Laura Callahan
There are other forms of communication:
a kiss on an unshaven cheek,
the tactile knowledge of two hands clasped.
But we rely on language as a spoken code.
I have two at my disposal;
you have one, now reduced.
You make do with few words,
just as my ESL students must.
They, for vocabulary as yet unacquired—
you, because words once well-known are lost.
But language is not like virginity;
there must be a way to recover it.
Those words are only momentarily misplaced
conventions of speech
in temporary flux,
as syllables rearrange themselves
in the vortex of a cerebral hemorrhage.
When I come to visit you I begin to ramble
about the new apartment into which we have just moved.
When, two minutes later, I comment on how we had to look all summer
for a place to live, you ask, “Did you find one yet?”

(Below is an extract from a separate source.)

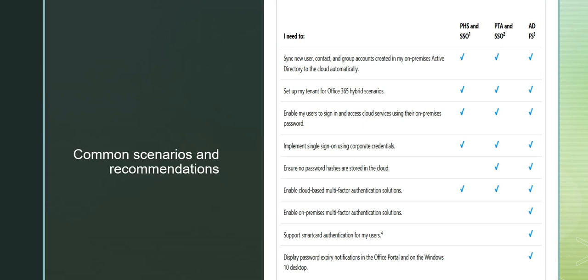Common scenarios and recommendations: If you need to sync new user, contact, and group accounts created in your on-premises Active Directory to the cloud automatically, you can use PHS, PTA, or AD FS. If you want to set up your account for Office 365, you can use all three of them. If you want to enable your users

I manage not to change expression,
and answer in an even tone.
I wonder if you have noticed the lapse in memory.
But for now your only focus is on the pain within your skull.
You describe how you come in
and out of consciousness,
waking to find points of reference
not where they were a week before.
every familiar landmark vanished.
“I am,” you declare, “all over the map.”
Even here you play the host,
overcome your exhaustion when the visit is over
to raise yourself on one elbow and muster a polite farewell.
I leave your room with haste
and am barely able to make it down the hall
before I dissolve into the impotence of tears.
Written September 1997 after visiting a friend who had suffered a stroke at a relatively young age.